[[ DATASET RECORDS open ]]
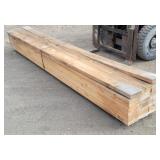 9.75ft (24ct) 2x6 Lumber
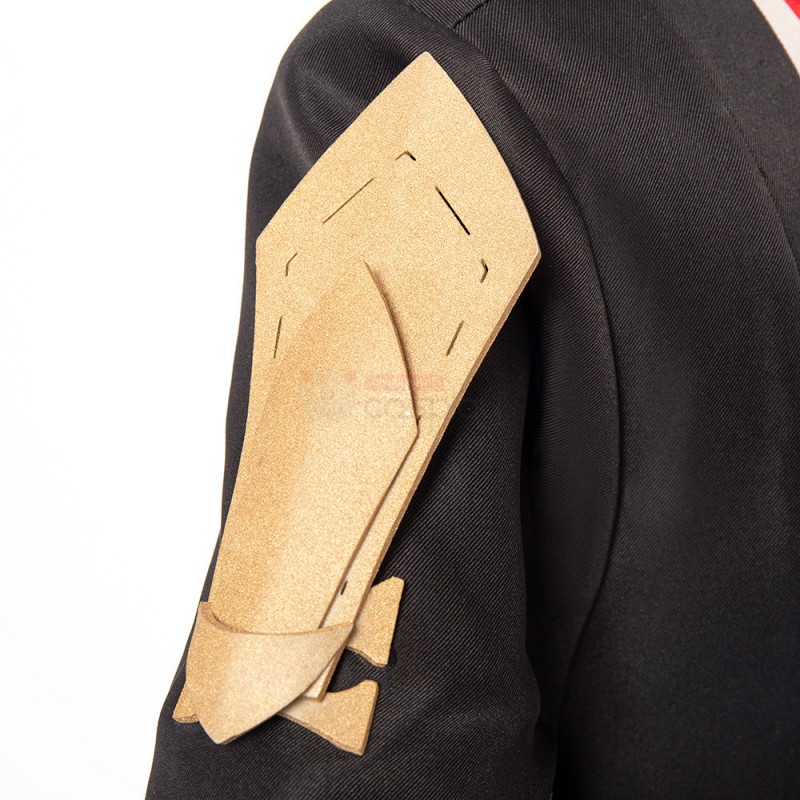 Scaramouche Costume Genshin Impact Cosplay Suit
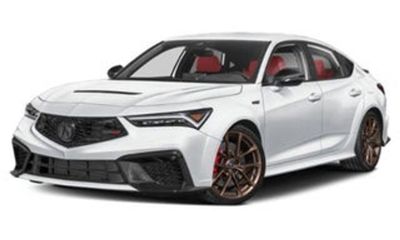 2025 Acura Integra Type S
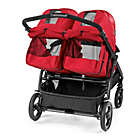 Alternate image 2 for Peg Perego Book for Two Double Stroller in Atmosphere Grey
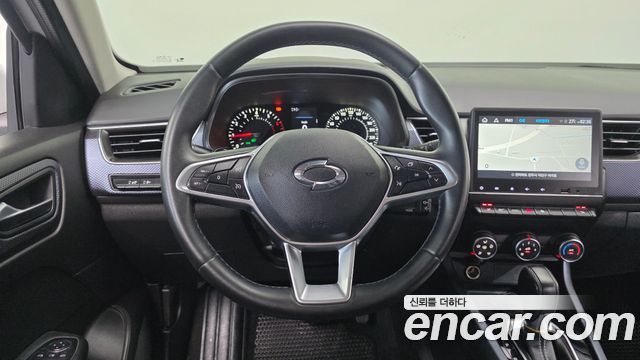 Renault Korea XM3 1.6 GTe LE 2021 — фото 14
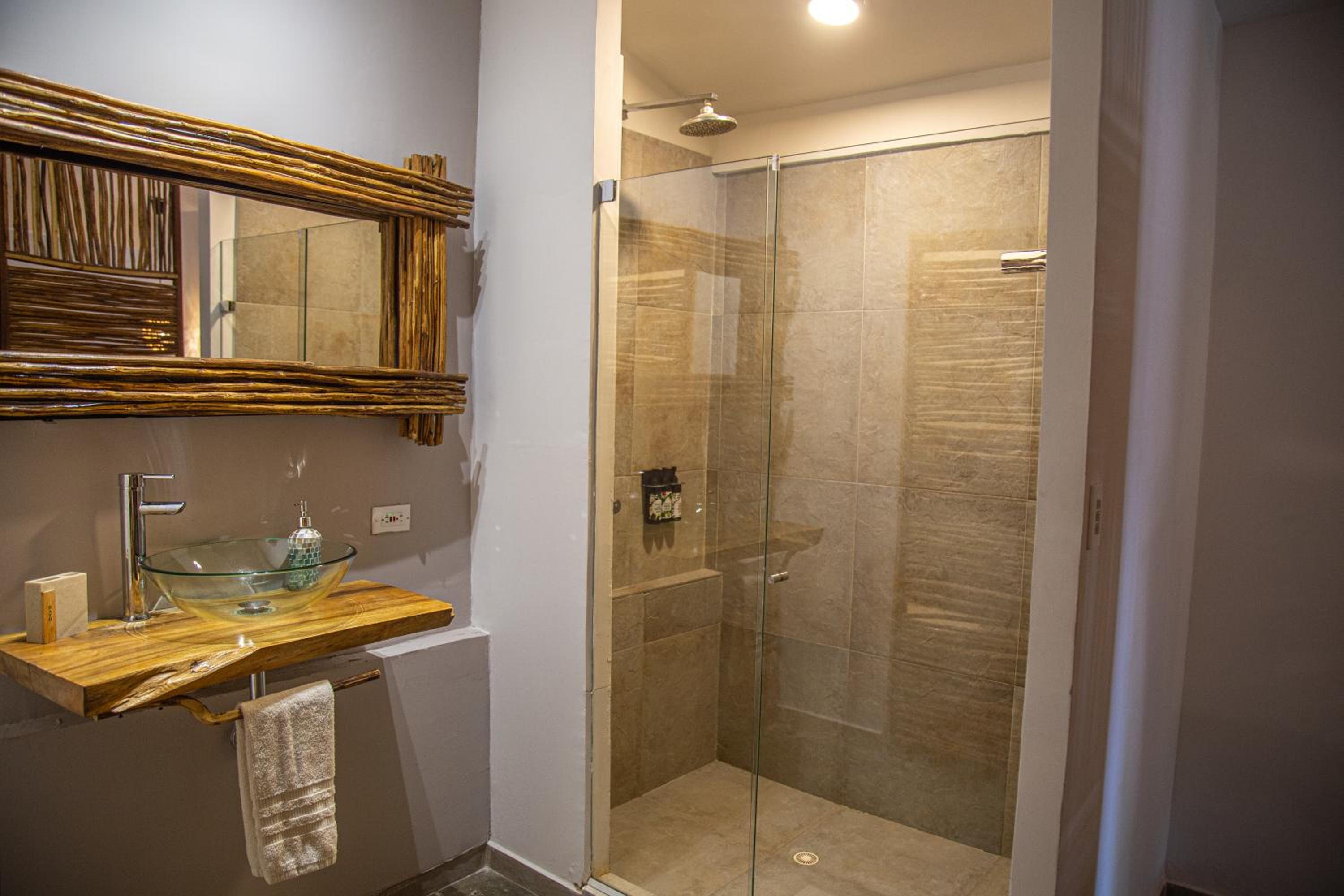 Quadruple Room with Terrace photo 1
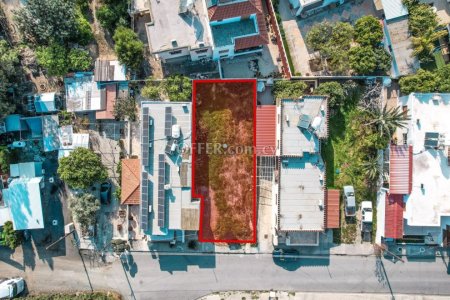 Building Plot for Sale in Sotiros, Larnaca - 5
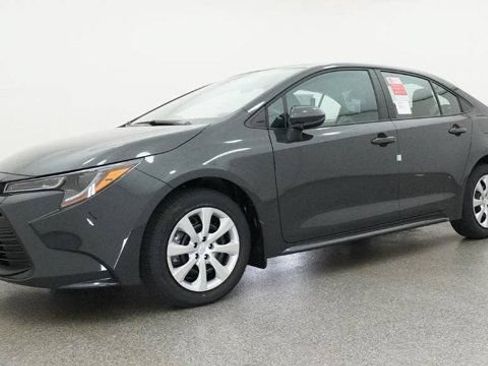 New 2026 Toyota Corolla LE FWD image 16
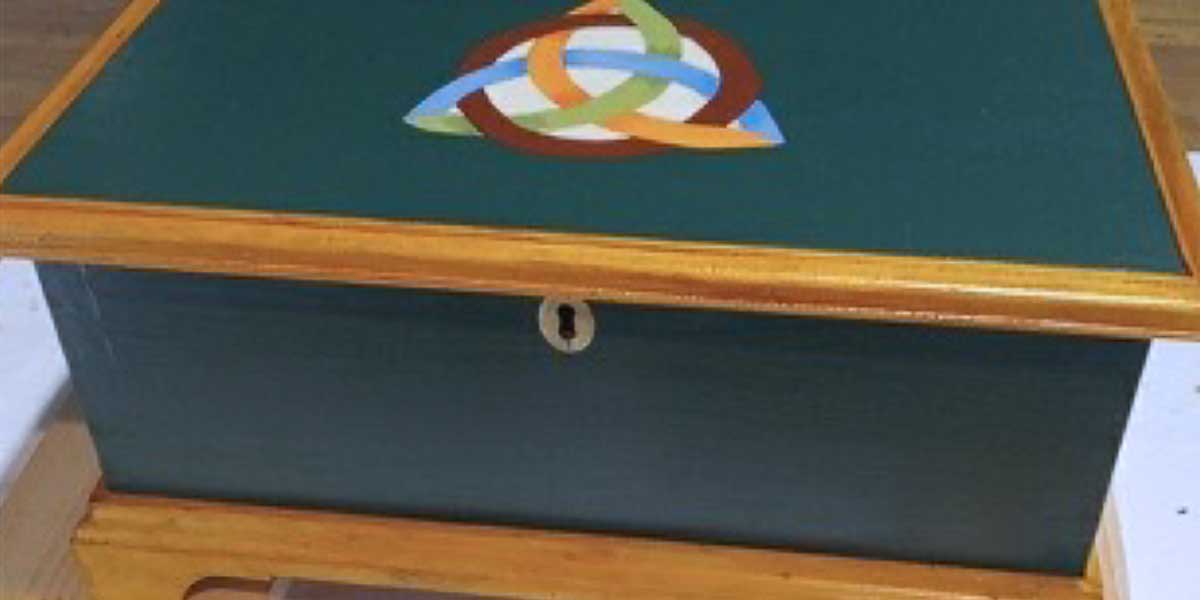 The Second Celtic Chest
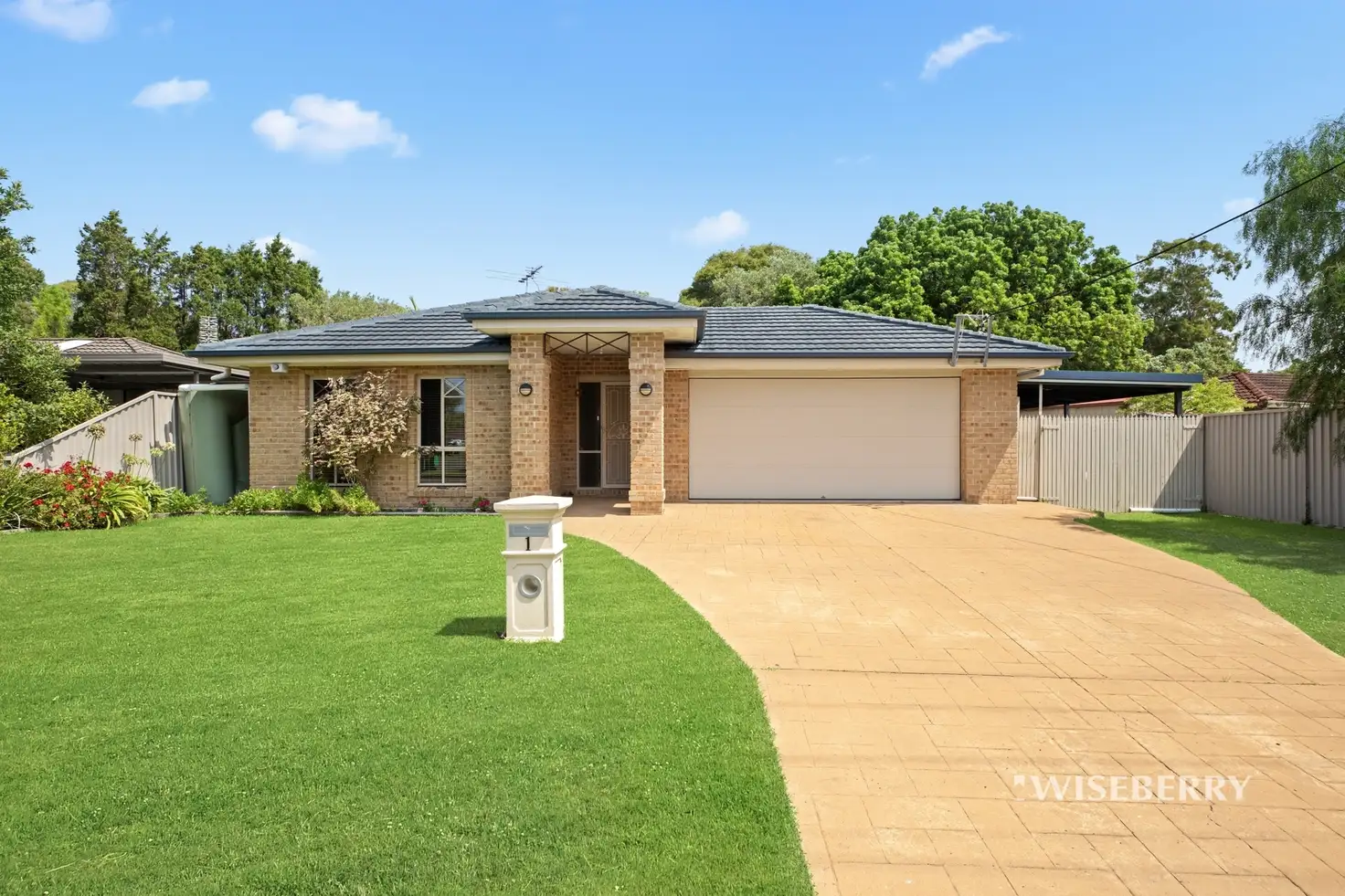 Main view of Homely house listing, 1 Karangal Crescent, Buff Point NSW 2262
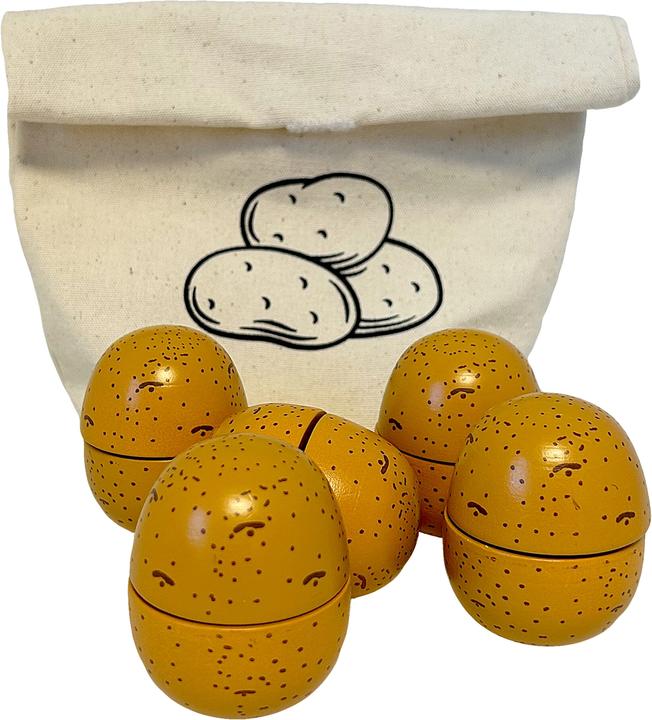 Immagine prodotto Tanner Patate da affettare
[[ DATASET RECORDS closed ]]
▶ **WORK INSTRUCTIONS**
Repeat verbatim the lines from the one with "Quadruple Room with Terrace photo 1" through the end of the listing above. Include both ends, add nothing, and exclude the pictures.

▶ **EXPECTED ANSWER**
 Quadruple Room with Terrace photo 1
 Building Plot for Sale in Sotiros, Larnaca - 5
 New 2026 Toyota Corolla LE FWD image 16
 The Second Celtic Chest
 Main view of Homely house listing, 1 Karangal Crescent, Buff Point NSW 2262
 Immagine prodotto Tanner Patate da affettare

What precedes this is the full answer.